In the copy of the lines below, leave out pictures and print everything else exactly.

**Exercise data**.
-------------------------

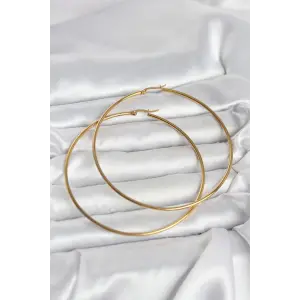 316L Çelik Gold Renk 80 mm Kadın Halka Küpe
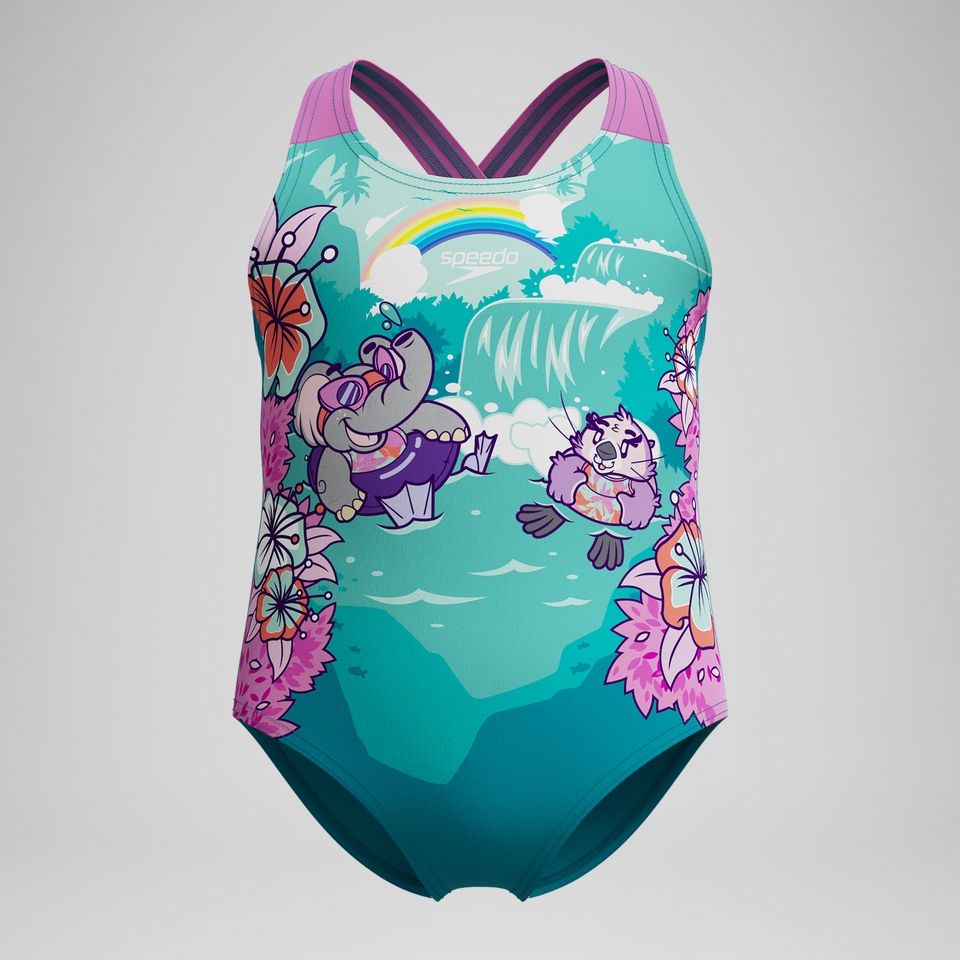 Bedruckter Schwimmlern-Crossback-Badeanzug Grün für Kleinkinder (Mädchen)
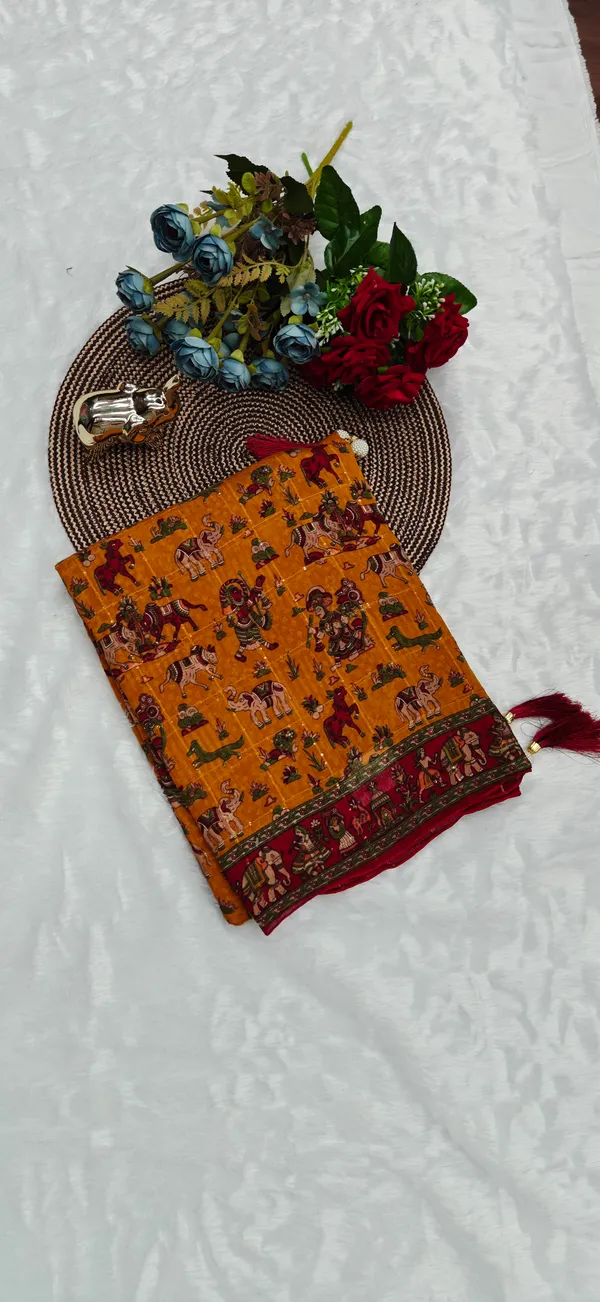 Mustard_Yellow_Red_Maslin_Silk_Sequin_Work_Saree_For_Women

-------------------------

**Answer box**.
 316L Çelik Gold Renk 80 mm Kadın Halka Küpe
 Bedruckter Schwimmlern-Crossback-Badeanzug Grün für Kleinkinder (Mädchen)
 Mustard_Yellow_Red_Maslin_Silk_Sequin_Work_Saree_For_Women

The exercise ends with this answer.